Suddenly, I realize I'm not the only one in the room. I turn to find Katherine standing at my door. She closes the distance between us and wraps her tiny arms around my waist. After a moment, she looks up into my eyes. I know then that she gets what I'm going through. How could I be so selfish? She has a home here, too. She has friends just like me. I feel selfish and guilty that I haven't been there for her. Then again, she never really needed me. After all, she's the one comforting me at the moment. Now, I don't care how young she is. I need to tell someone how I feel. "Kat, I'm so scared. I've never lived anywhere else. I don,t know what to do. I don't know what to expect." I'm surprised to find tears falling down my face.
Kat smiles sadly at me. "Jelly," she says, smiling at the name she had given me before she could say my full name, Angelia. "Home is where you are. It's not defined by the place or the belongings. Besides, when do we ever know what to expect from life?" she asks, and I'm astounded. I always knew she was special, but she has a wisdom beyond her years. "Anyways, I'll be with you the whole time to help you," she said smugly. I laugh at the thought of this little girl helping me. But then I realized I do need her. She's my anchor that keeps me tied to my sanity. I've always needed her help. I always will.
"Come on," she says, finally letting go of me. She moves over to my shelf and starts putting all my books in a box. I join her. With her help, I'm finished within the hour. I then get one of my mom's friends to help me take the boxes and furniture to the trucks.

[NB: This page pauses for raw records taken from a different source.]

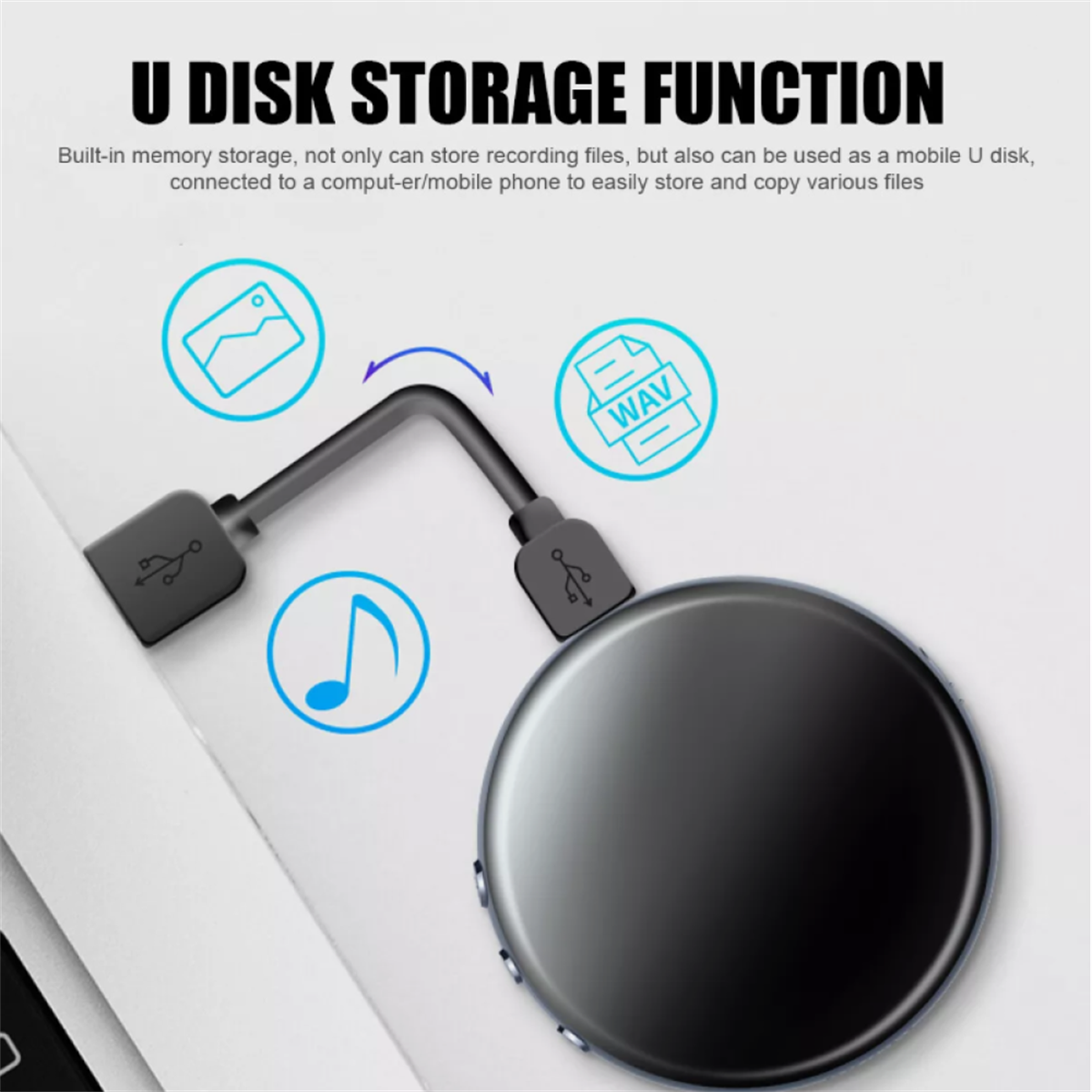 Schwarzer U-Disk an ein Telefon angeschlossen, mit Symbolen für Aufnahme- und Musikfunktion.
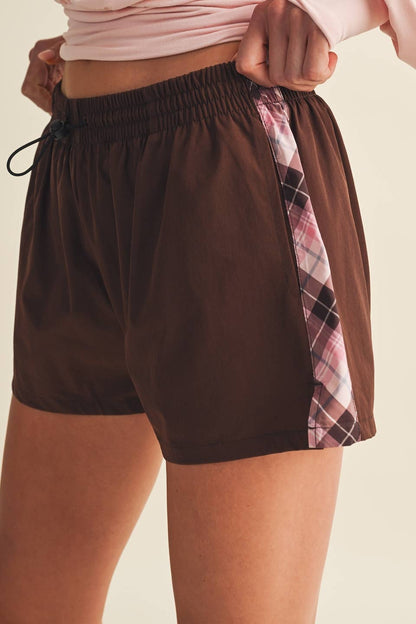 Plaid Side Contrast Block Nylon Shorts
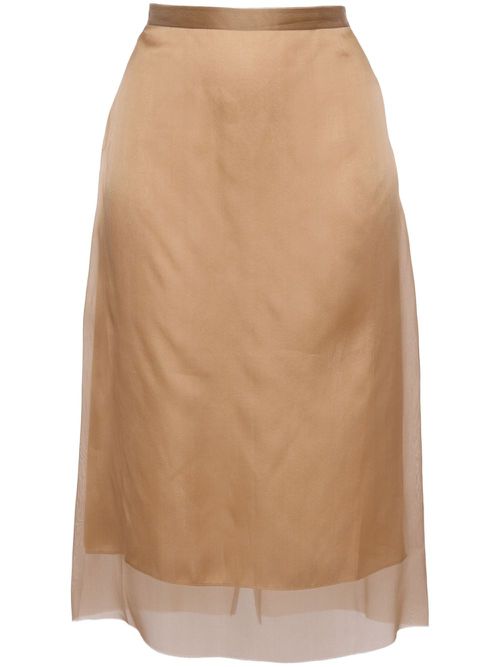 Layered A-line skirt - Brown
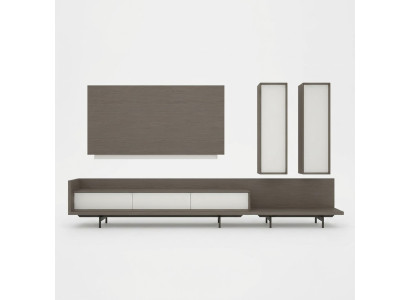Mural de TV soporte de TV Marco de TV Mobiliario 2x Mueble de pared Diseño Moderno Conjunto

Soon, we're leaving our house behind. I look back one last time for a final goodbye. Now, I feel like I can finally let go. I turn back to the front, to the road ahead, to the future. Yes, I am afraid, but I'll fight through. I'll find my place, no matter how strange this new place may seem. I look to my left. Kat is looking at me, and we smile at each other, a new feeling creeping through me. Excitement. It washes away all fear, and I know that as long as I have my sister by my side, I'll be okay.
When I falter, she will help me stand. When I'm blind, she will help me see. When I am lost, she will help me find my way. Hopefully, there will come a time when I can do the same for her.
After all, that's what sisters are for, right?